I was just googling problems for this. This is what I found.
When do I use LCM and when do I use GCF?
Do we want to split things into smaller sections?
Are we trying to figure out how many people we can invite?
Are we trying to arrange something in rows or groups?
Do we have an event that will be repeating over and over?
Will we have to purchase or get multiple items in order to have enough?
Are we trying to figure out when something will happen again at the same time?
Shannon is making identical balloon arrangements for a party. She has 32 maroon balloons, 24 white balloons, and 16 orange balloons. She wants each arrangement to have the same number of each color. What is the greatestnumber of arrangements that she can make if every balloon is used?
Bridget has swimming lessons every fifth day and diving lessons every third day. If she had a swimming lesson and a diving lesson on May 5, when will be the next date on which she has both swimming and diving lessons?
Boxes that are 12 inches tall are being stacked next to boxes that are 18 inches tall. What is the shortest height at which the two stacks will be the same height?
You are making pumpkin pies for the bake sale. Piecrusts are sold in packages of 3. Pie filling is sold in 4-can packages. What is the least number of piecrusts and filling that you can buy to have the same number of each?
How many of packages of each should you buy?
Thank you very much for this example! It really helped. I have used planets' orbits for LCM as well. I also use an example of three friends wanting to spend their next day off of work together for LCM. One friend works 5 days with one day off, the next 6 days with one day off, and the last 7 days with one day off. If they just enjoyed a day off together, how many days until the time when they can enjoy a communal day off?
I see the hot dog/bun example for explaining real world use of the lcm but I don't understand it. I used prime factorization for 10,8 and end up with lcm = 2x5x2x2 = 40. So 40 is the lcm of 10 and 8. Now if I buy 40 packs of hot dogs that is 400 hot dogs and 40 packs of buns is 320 buns.
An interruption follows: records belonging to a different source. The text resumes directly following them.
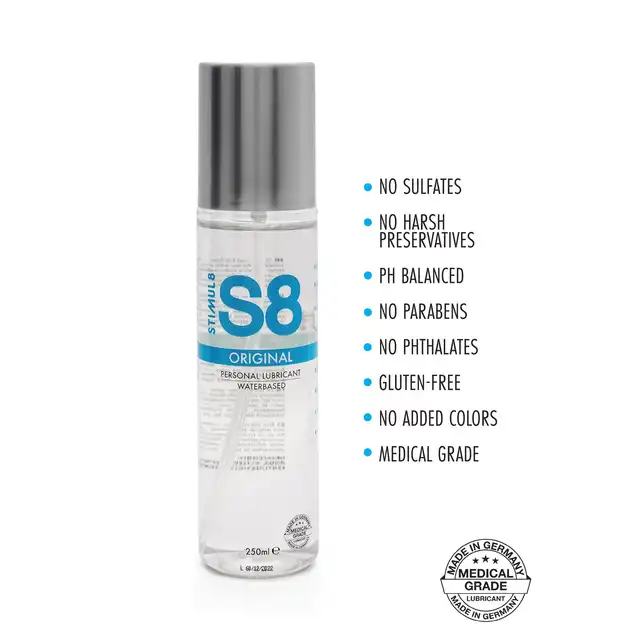 S8 - Original Personal Lubricant Waterbased 250ml. Bezpieczny i delikatny lubrykant na bazie wody, duże opakowanie
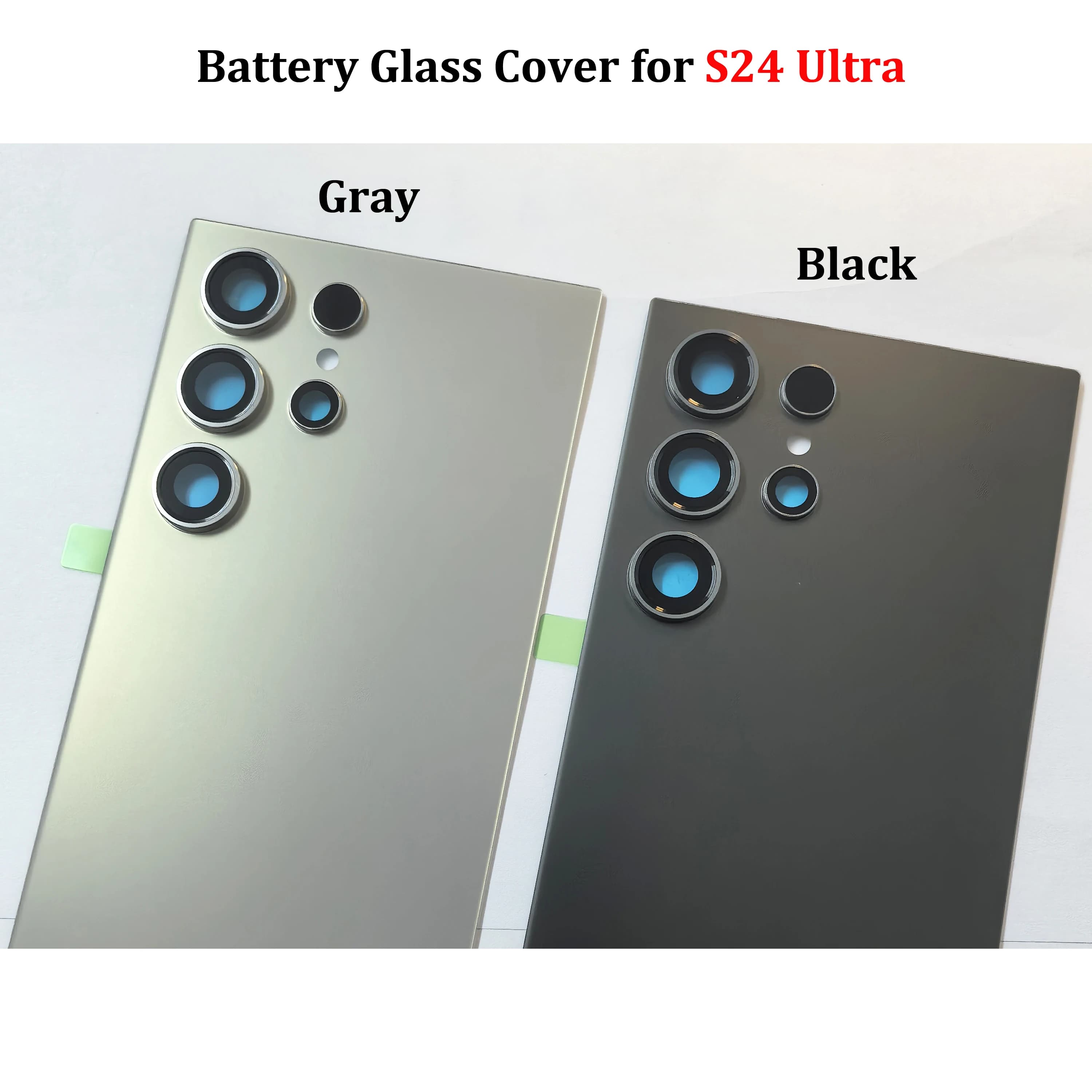 Nuovo Vetro Posteriore S24Ultra (OEM) di Ricambio per SAM-S24 Ultra S24U 5G, Coperchio Batteria, Scocca Posteriore + Lente Fotocamera + Adesivo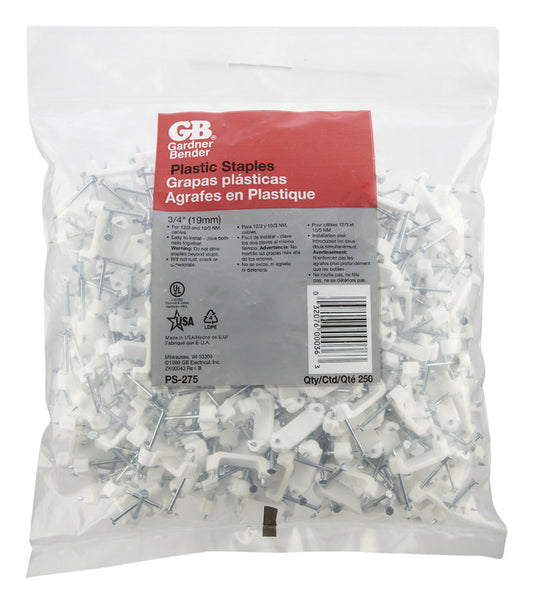 Gardner Bender 3/4 in. W Plastic Insulated Cable Staple 250 pk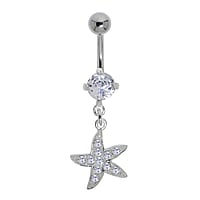 Bellypiercing out of Surgical Steel 316L and Silver 925 with Crystal. Thread:1,6mm. Bar length:10mm. Closure ball:5mm. Stone(s) are fixed in setting.  Starfish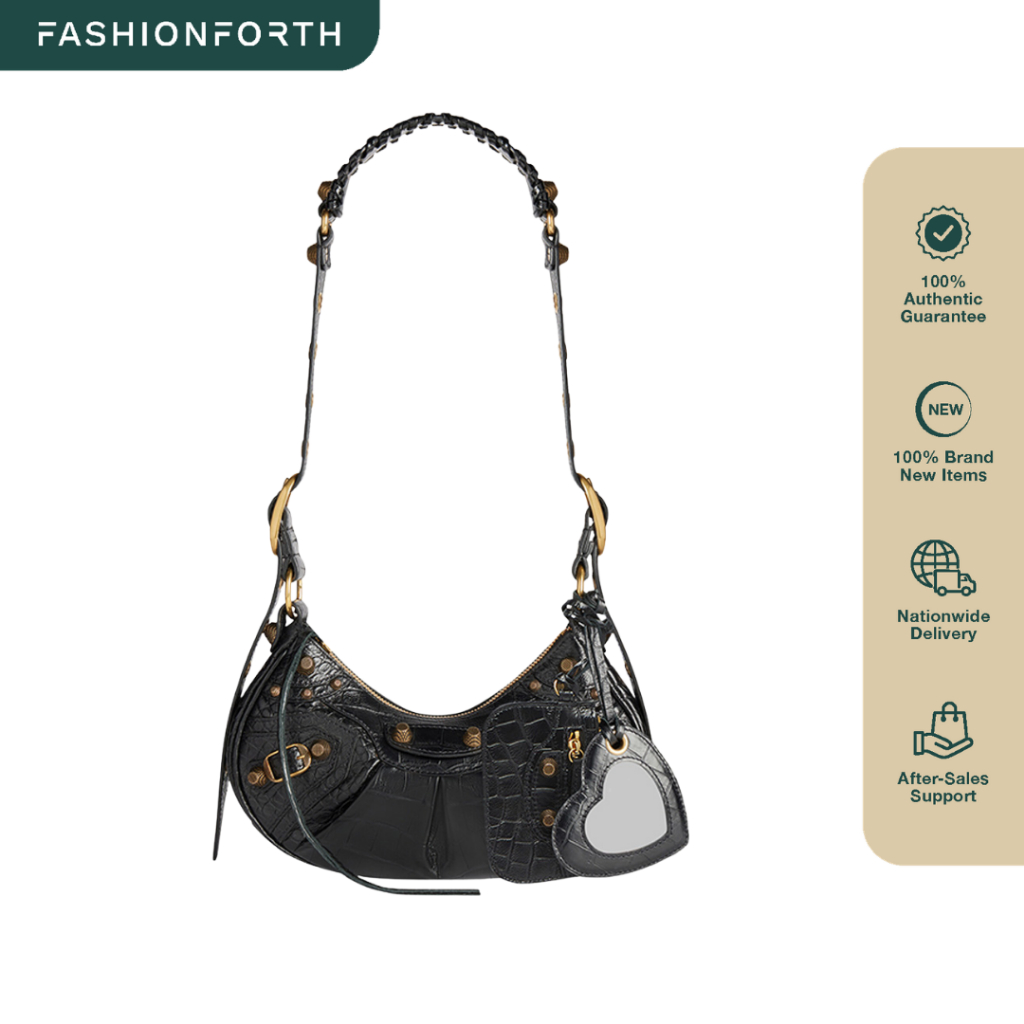 FashionForth XS Le Cagole Shoulder Bag in Croco Embossed GHW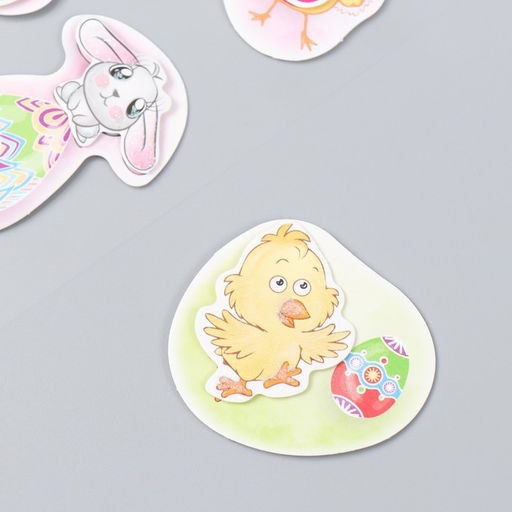 Наклейка картон 2 слоя Пасхальные зайчики и цыплята 17х12 см - Simaland фото 2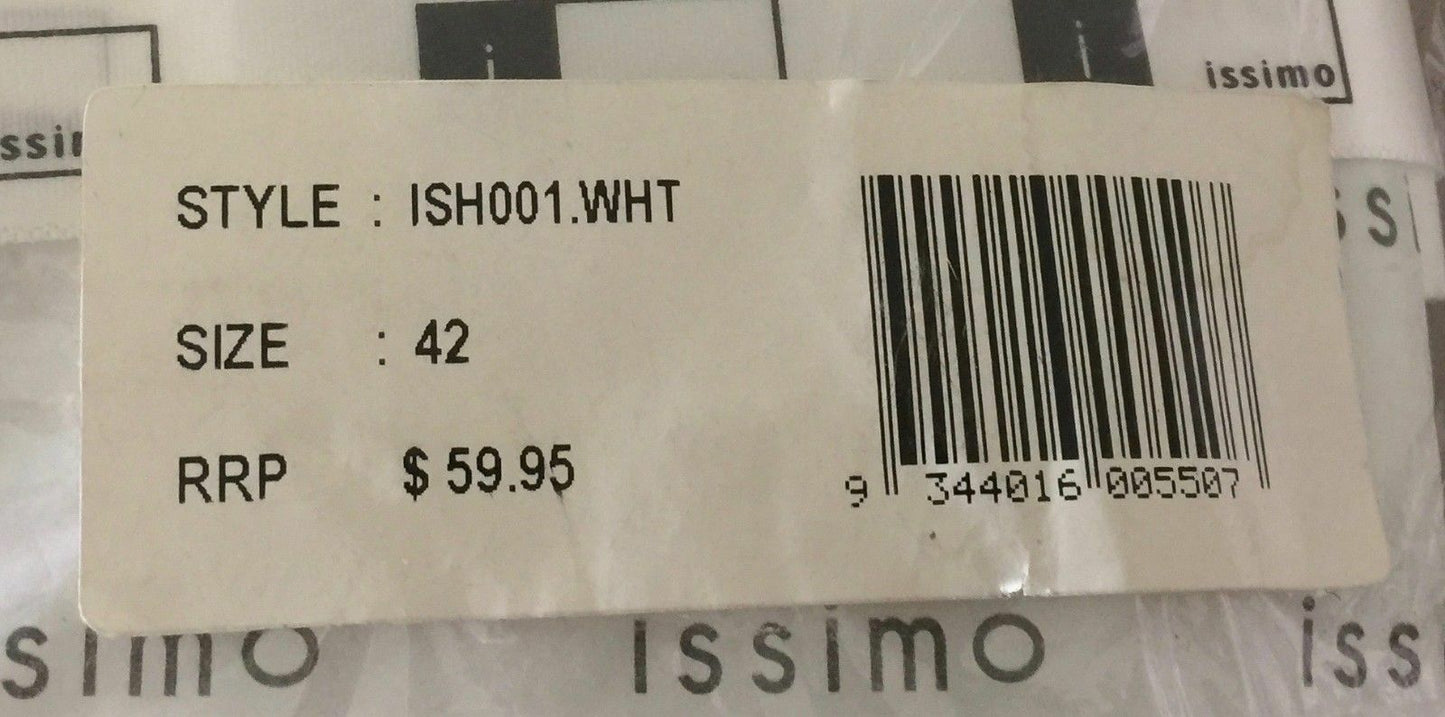 Mens ISSIMO White Long Sleeve Shirt Polyester Cotton Size 42 Business Pack NEW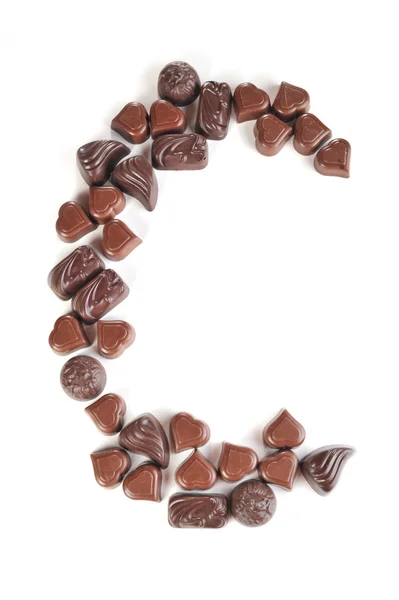 Letter from chocolates — Stock Photo, Image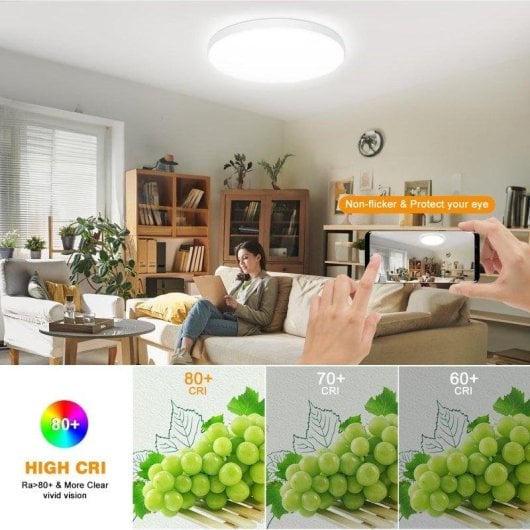 Plafond LED RGB 30W Réglable avec Télécommande Bluetooth WiFi Compatible Alexa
I am 80 buns shy for my 400 dogs. I don't understand.
I would have missed the principle behind it if you hadn't stated the 400 issue. It's not 400 hotdogs and 400 buns. It's 40 hot dogs and 40 buns. 40/8=5 & 40/10=4. Therefore, it's five packs of hot dogs and four packs of buns.
another good one is something like ...
KSHE radio plays top hits all weekend. They have been playing the new song by "RUcool" every 18 minutes. KDHX has been playing the new song every 24 minutes. If they both play the song at 3:00 PM, when will the next time be that they play the song at the same time?
I do not know but is this correct? Here I found some problems: I see the hot dog/bun example for explaining real world use of the lcm but I don't understand it. I used prime factorization for 10,8 and end up with lcm = 2x5x2x2 = 40. So 40 is the lcm of 10 and 8. Now if I buy 40 packs of hot dogs that is 400 hot dogs and 40 packs of buns is 320 buns. I am 80 buns shy for my 400 dogs. I don't understand.
40 is the number where the hotdog and the buns meet. So basically it means that u need to buy x number of hotdogs which is 4 and y number of buns which is 5. So the ans is 4 packs of hotdogs and 5 packs of buns.
They're all (great) examples of LCM. I can't for the life of me think of real world application for HCF/GCF!! (Simplifying fractions is not real world and kids quickly spot it's quicker to divide by 2 then 2 then 3 than calculate that the HCF is 12 and then divide.)